* INSTRUCTIONS FOR THE TASK *
From the data below, return only the lines from the one with "Wohnung 2 Schlafzimmer" through the one with "332/MM-ASC003_2.jpg", exact and inclusive, with pictures left out.

* INFORMATION *

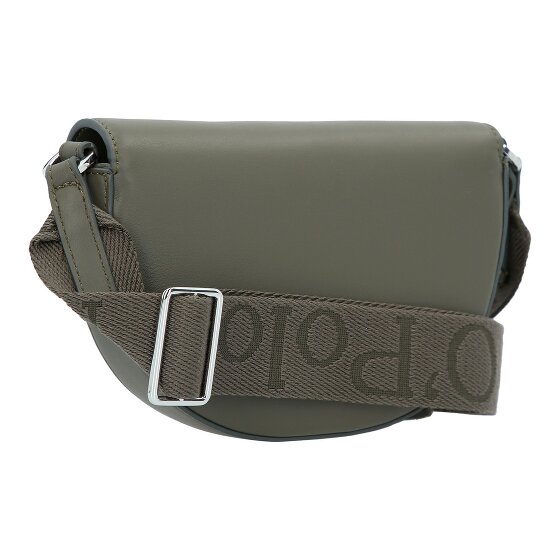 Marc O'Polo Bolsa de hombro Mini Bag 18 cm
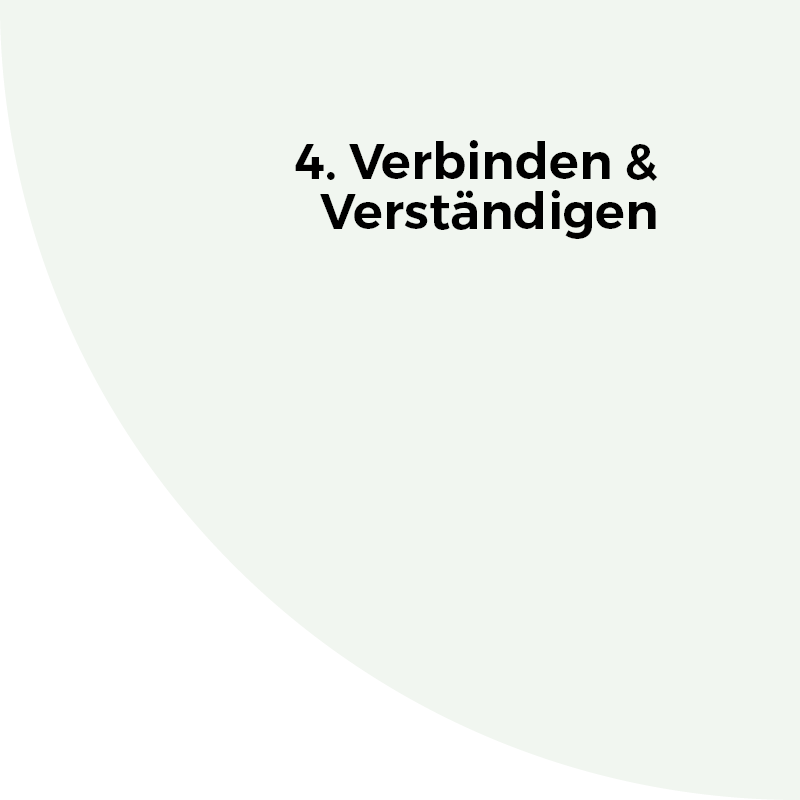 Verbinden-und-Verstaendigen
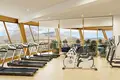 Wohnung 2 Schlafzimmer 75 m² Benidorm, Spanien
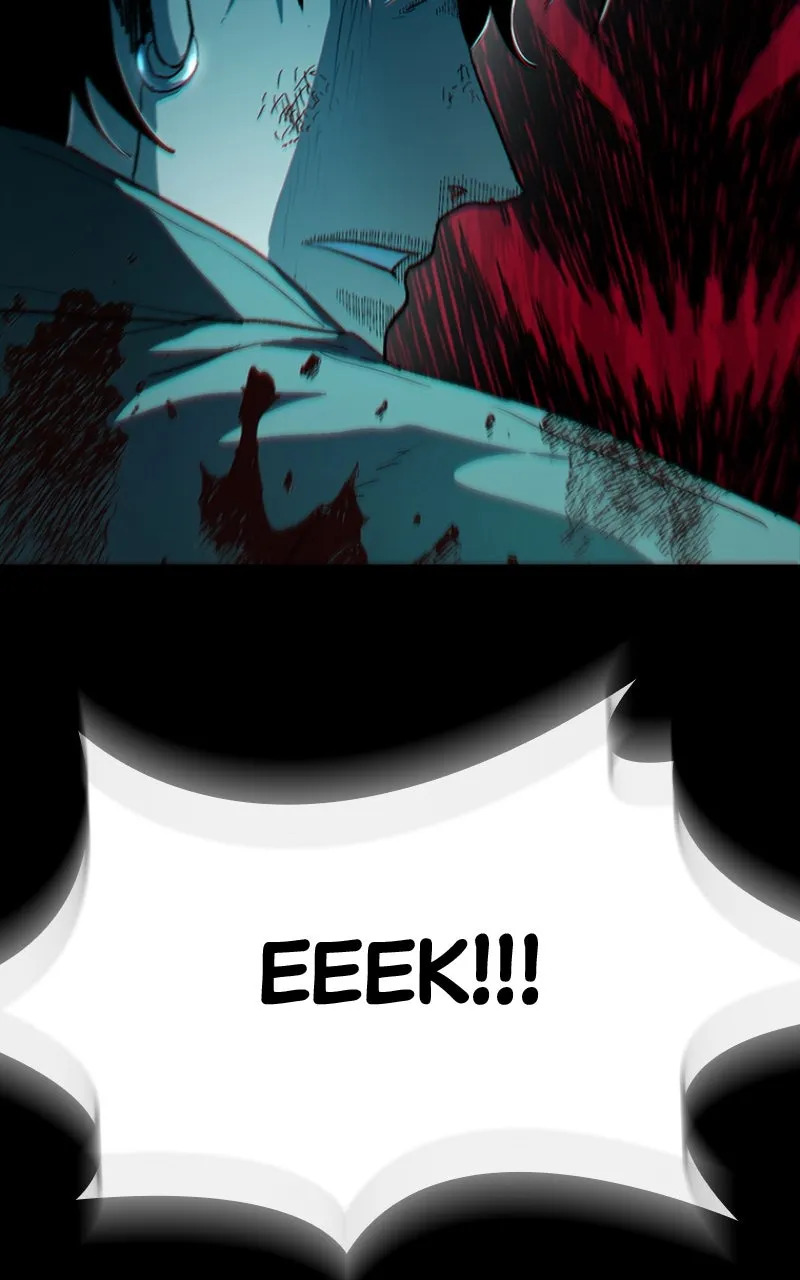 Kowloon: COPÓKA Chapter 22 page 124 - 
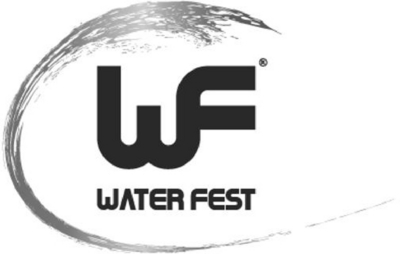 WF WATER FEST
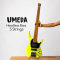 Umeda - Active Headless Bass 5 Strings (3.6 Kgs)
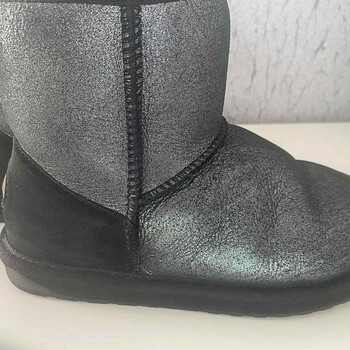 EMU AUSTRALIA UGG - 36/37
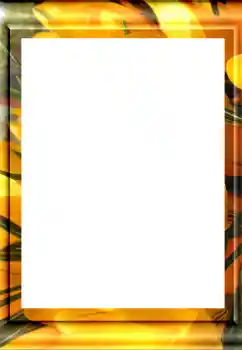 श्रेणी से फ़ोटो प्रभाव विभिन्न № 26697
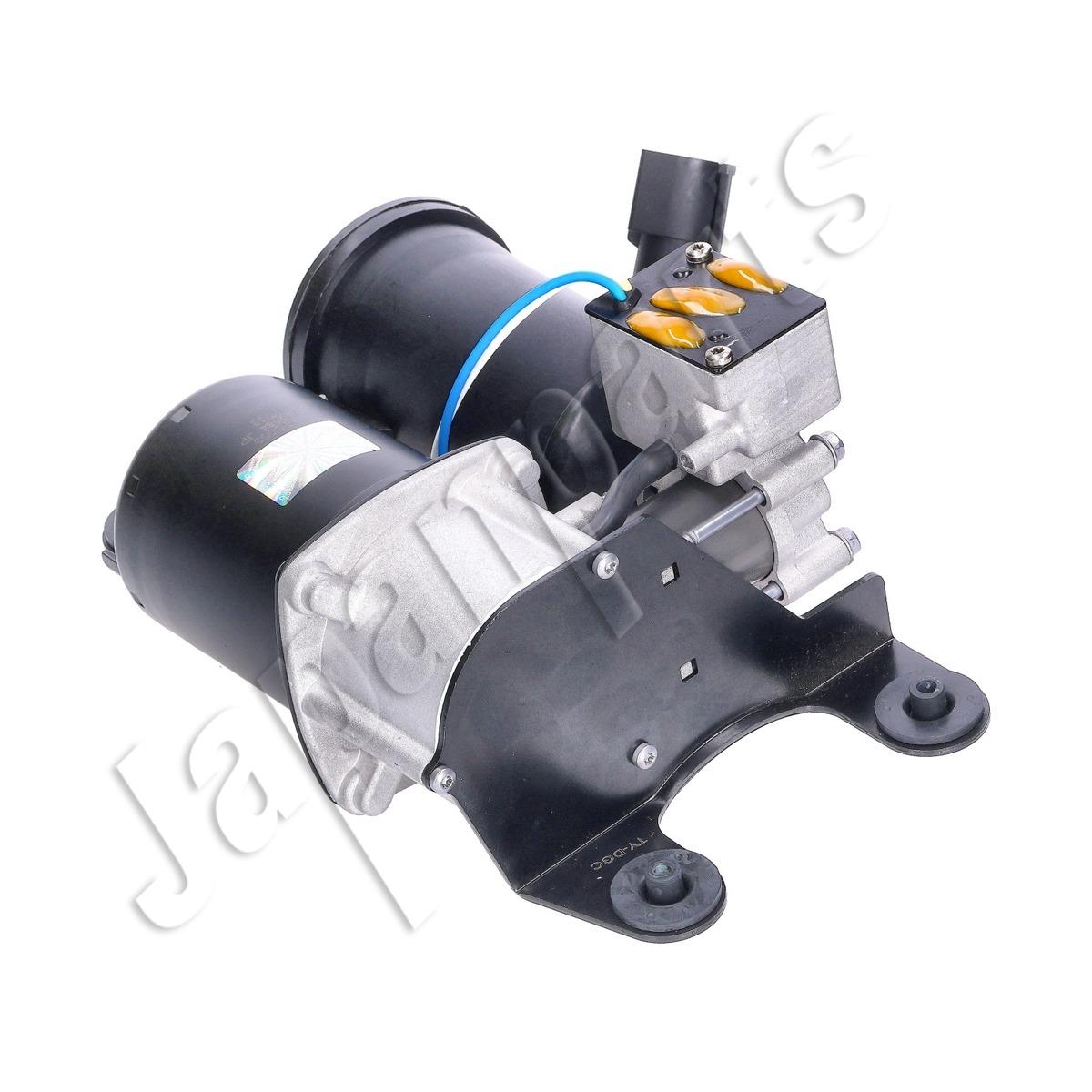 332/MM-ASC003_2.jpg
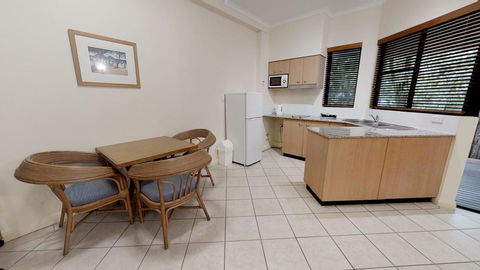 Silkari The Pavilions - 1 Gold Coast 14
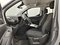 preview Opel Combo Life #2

* * *

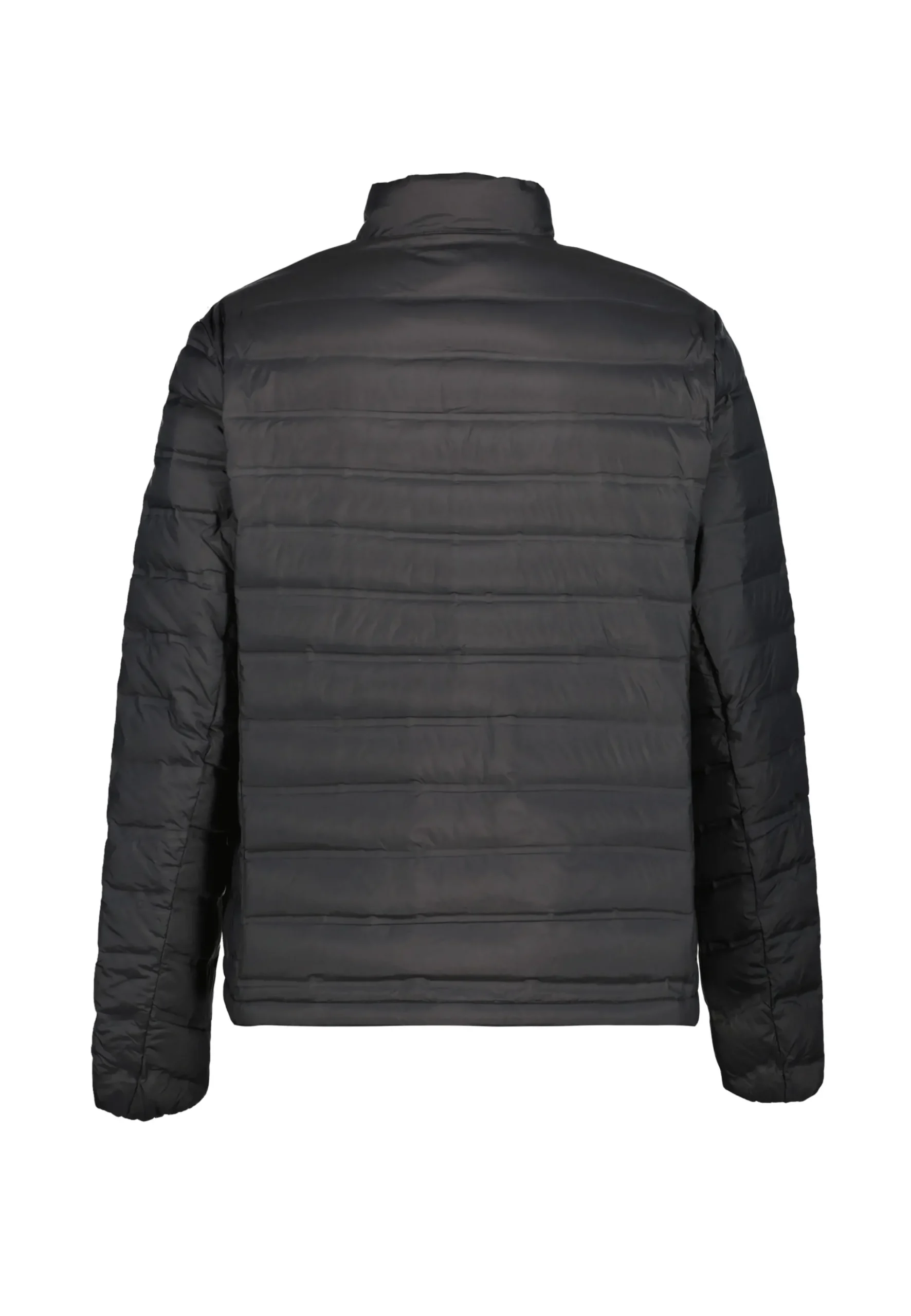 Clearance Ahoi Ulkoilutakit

* WRITTEN REPLY *
 Wohnung 2 Schlafzimmer 75 m² Benidorm, Spanien
 Kowloon: COPÓKA Chapter 22 page 124 - 
 WF WATER FEST
 Umeda - Active Headless Bass 5 Strings (3.6 Kgs)
 EMU AUSTRALIA UGG - 36/37
 श्रेणी से फ़ोटो प्रभाव विभिन्न № 26697
 332/MM-ASC003_2.jpg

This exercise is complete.